Zijn hang naar richting en kalmte is urgent, alhoewel niet langer op een ongezonde manier; zijn laatste bundel ‘Zwanendwang’ vertelt over de dwangneurose die hij tijdens zijn dansopleiding ontwikkelde. Op zoek naar grip en overzicht neuriede hij zichzelf structuur toe met het Zwanenmeer, maar op een gegeven moment werkte dat niet meer. “Ik moest het helemaal afmaken. Soms probeerde ik alleen de tweede akte te doen, twintig minuten, maar dan moest ik daarna toch door.” Het bleek, gelukzalig genezen op eigen kracht, de voedingsbodem voor een bundel. In Groenlo ontstaan, door schrijvend terug naar Den Haag te gaan.

“Mijn man en ik wilden hier eigenlijk pas gaan wonen met ons pensioen.” Maar toen werd zijn schoonvader ziek en bespoedigden ze die stap. “We keken elkaar aan en kwamen deze kant op.” Bij toeval werd het Groenlo, waar een oude dokterswoning staat uit 1905. Nu wil het dat zijn man Daan huisarts is. Alleen niet daar, want de praktijk met eigen opgang werd de kangoeroewoning van zijn ouders. “We kunnen binnendoor naar elkaar toe, het werkt en het is gezellig. We zijn gewoon een gezin, met heel veel liefde.” Mark en Daan troffen er ongeveer dezelfde buren als in het westen: “Met dezelfde mentaliteit die we gewend waren; interesse, vrijgevigheid en een opendeurenbeleid.” Mark ging er sowieso wel vanuit op de inwoners alhier te lijken: “In grondhouding is de Nederlander toch altijd een Nederlander.” Het verbaast hem dan ook niet dat de ‘BBB’ landelijk zo groots is geworden. “De meeste westerlingen kijken helemaal niet op de boeren neer, ze zijn veel te druk met zichzelf.” En daarnaast haalt hij het Westland aan, waar immens veel kassen staan. “Ja, het is tuinbouw. Maar de mentaliteit aldaar is heel overeenkomstig met die van de boeren. Ik hoop zo dat de Achterhoeker minder vroom en bang is voor hoe zij daar zouden worden bezien.”
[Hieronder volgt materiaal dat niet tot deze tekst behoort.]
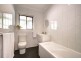 206 Rangeview Drive, Carey Gully SA 5144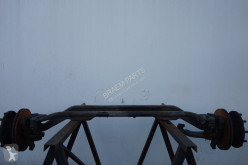 Suspension MAN VOK-09-05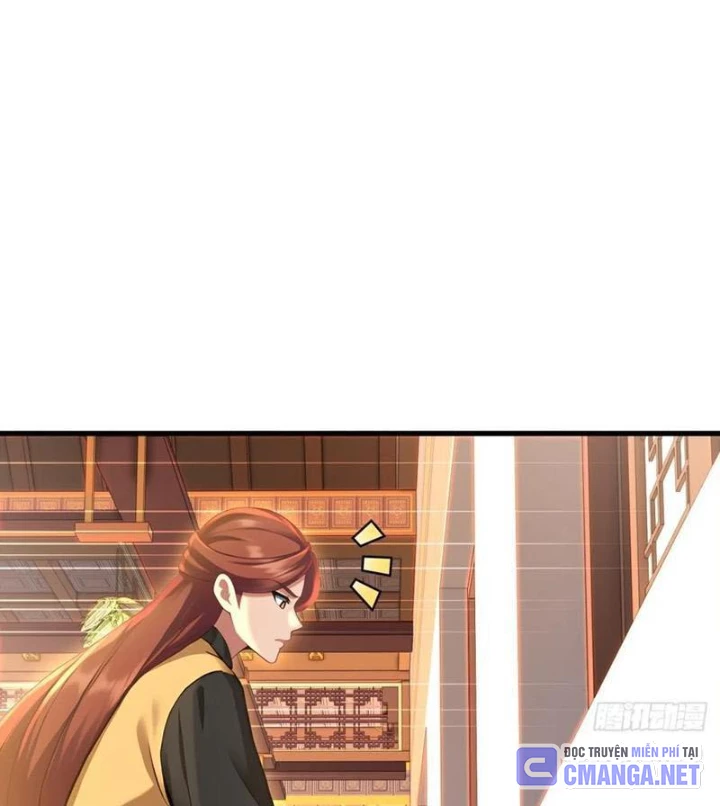 Thái Cổ Yêu Thánh Lấy Ta Làm Lô Đỉnh Chapter 98 - 6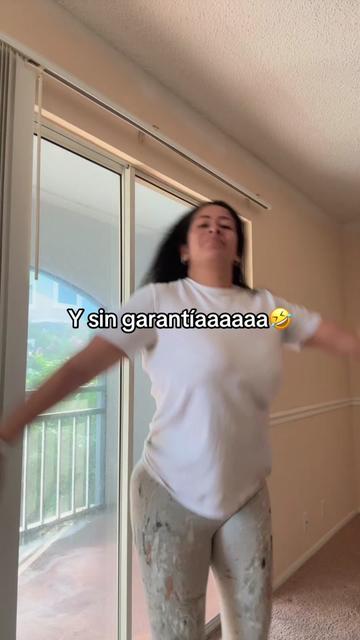 @camila.ana123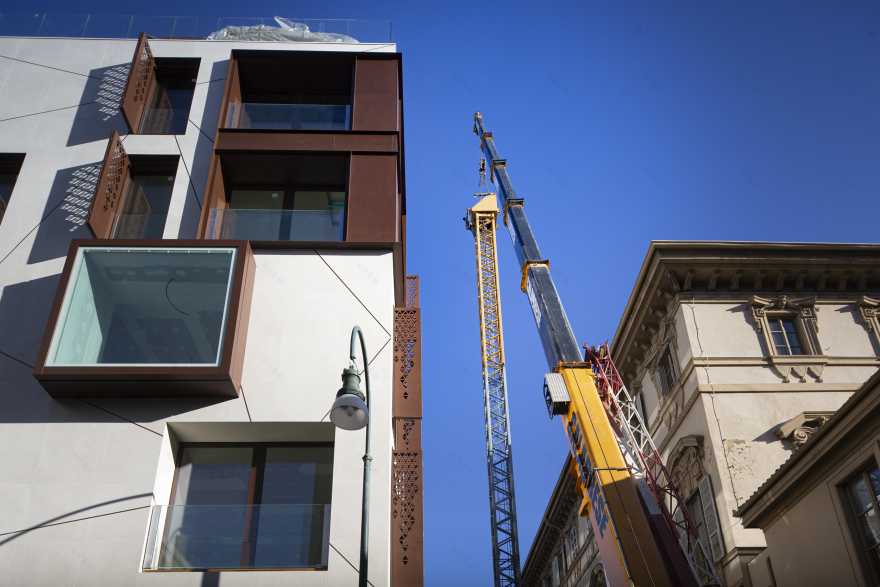 拉斯卡里斯宅邸-56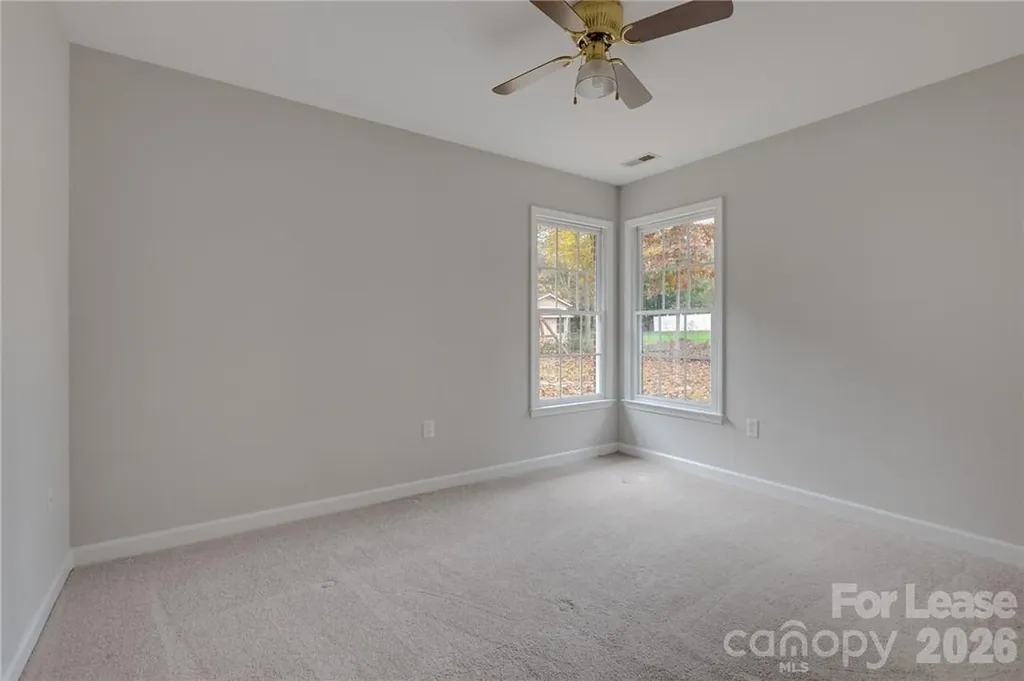 136 Trollingwood Lane Mooresville NC 28117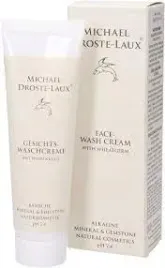 michael-droste-laux-zasadowy-krem-do-twarzy-50ml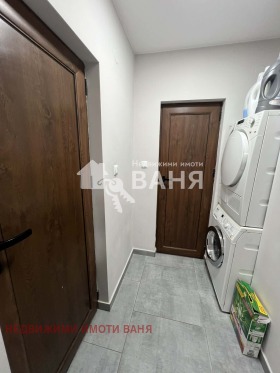 ������� ���� �� ���� | Imot.bg � ����� ������ 15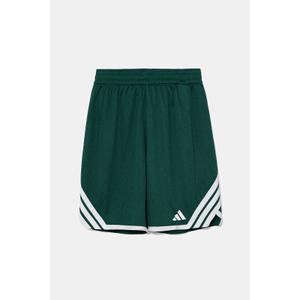 kc6976-short-enfant-adidas-everyday-pro-drkgrn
Het zou overigens wel helpen als ze de Achterhoek opnieuw door de ogen van Mark van Leeuwen bekeken, die raakt hier namelijk nooit uitgekeken. Hij haalt het gezonde en rustige tempo aan: “Zoals het in de wereld hoort te gaan.” Misschien loopt Mark daarom schrijvend inmiddels achter dwaallichten aan. “Ze kunnen boven moeras en wetland ontstaan.” Maar tot hij dat fenomeen met eigen ogen ziet, laat hij zijn nieuwste zinnen er al over gaan. In narratieve gedichten, die verhalend blauw oplichten wat beschenen verdient te worden; zijn grenzeloze geluk een inwoner van de Achterhoek te zijn geworden.


Illustratie: Marc Weikamp

8 keer 8erhoeks met Mark van Leeuwen

Favoriete plek in de Achterhoek:
“Het buitengebied tussen Groenlo en Lievelde. Het ‘Korenburger Veen’, ‘Vragender Veen’, de ‘Engelse Schans’, maar het liefst wandel ik parallel aan het trampad; dat gebiedje, ik weet niet wat Staatsbosbeheer daar aan het doen is, maar volgens mij gebruiken ze het als experiment. In dat kleine stukje komen zoveel bijzondere soorten voor: blauwe gentianen, dat zijn alpenplantjes. Het gentiaanblauwtje; een blauwvlinder die uniek is, maar hier met honderden aanwezig. We hebben de wespenspin; een vrij grote forse spin, geelzwart gestreept. En in de herfst kom je hier, op een stuk van slechts 200 à 300 meter, wel 50 verschillende soorten paddenstoelen tegen! Je weet niet wat je ziet! Volgens mij is het een kweekvijver, zo waanzinnig bijzonder!”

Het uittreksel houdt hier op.